AGRURAS

30/04/2014 15:30

AGRURAS

 

Lembro-me de minhas viagens com meus pais por esse Brasil imenso. Tínhamos um Opel verde musgo claro que sobreviveu o quanto pôde. Era fim dos anos 50, início dos 60.

Íamos parando para almoçar em restaurantes à beira da estrada, em geral, improvisados com algumas mesas na sala da casa de moradia. Mesa farta, água fresca, algum refrigerante e uma acolhida amorosa.

Não raro, uma indisposição me acometia enquanto criança. Em busca de meu alívio, traziam uma garrafa de vidro repleta de leite denso, saboroso, e não pasteurizado. É claro, só piorava meus enjôos. Mas para além das cortinas de chita que separavam o restaurante da intimidade da casa, eu era colocada numa cama, igualmente coberta por um tecido floral, macio, a brisa fresca a entrar pela janela.

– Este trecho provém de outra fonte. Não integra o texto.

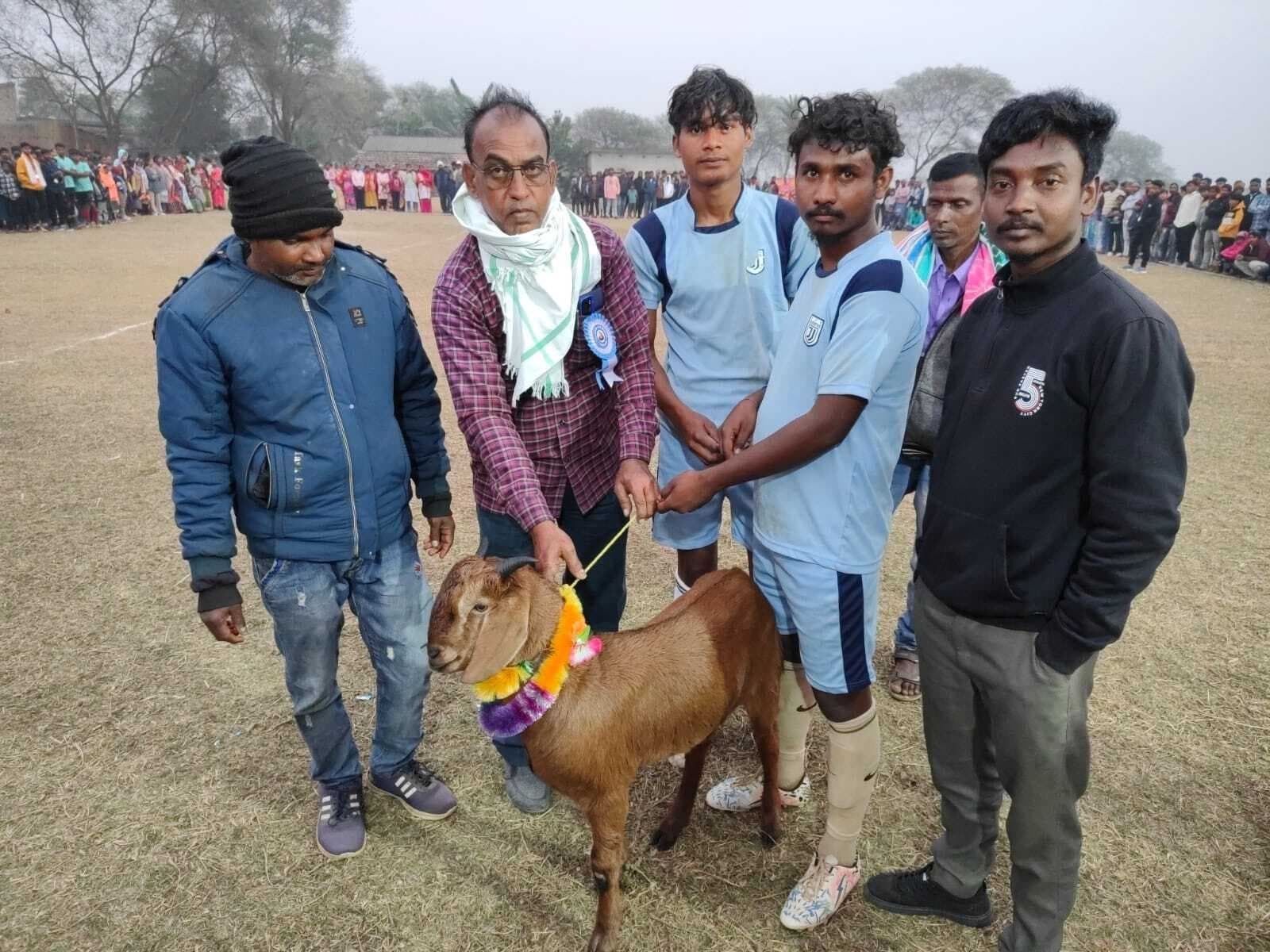 खागाचुंआ की टीम ने एक गोल से जीता फाइनल मैच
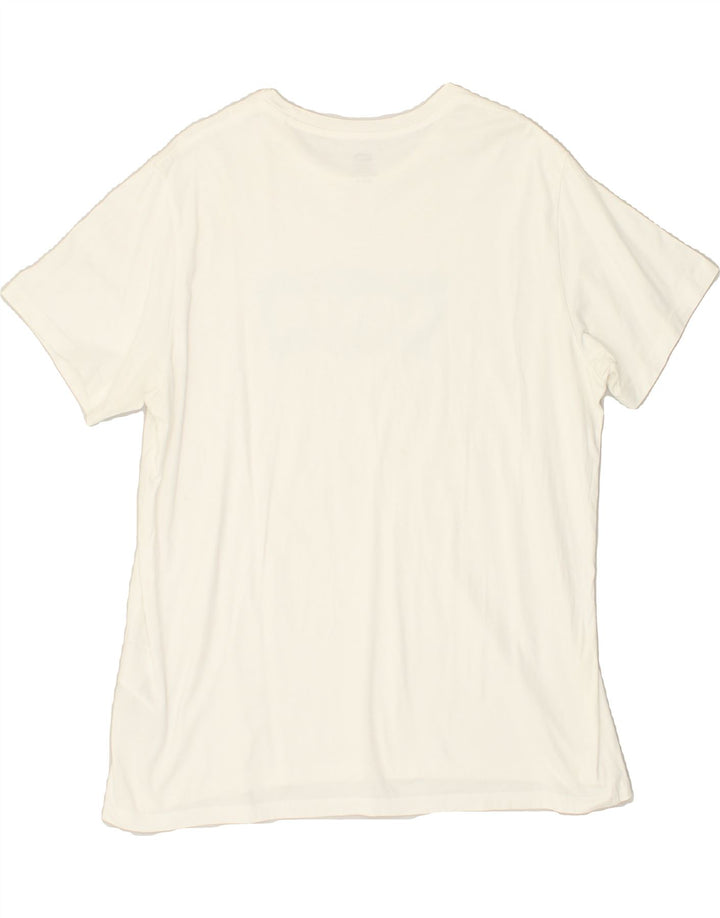 LEVI'S Womens Graphic T-Shirt Top UK 18 XL White Cotton | Vintage Levi's | Thrift | Second-Hand Levi's | Used Clothing | Messina Hembry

Hoje me reviro em tentar compreender o que mudou nesse povo simples e acolhedor, atualmente tão embrutecido nesse início de século XXI nos grandes centros urbanos.

Ao invés do sorriso tímido e da vontade de agradar, o que se ouve é aquele tom exasperador de quem a qualquer momento vai sacar da peixeira. A fala nervosa, embolada pelas palavras que se atropelam num sotaque incompreensível de uma polifonia desarmônica, embrulhada pela falta de coordenação de dados, de pensamento, expressando o mundo confuso em que foram jogados à mercê da labuta diária para sobreviver, com os trabalhos mais desqualificados e mal pagos.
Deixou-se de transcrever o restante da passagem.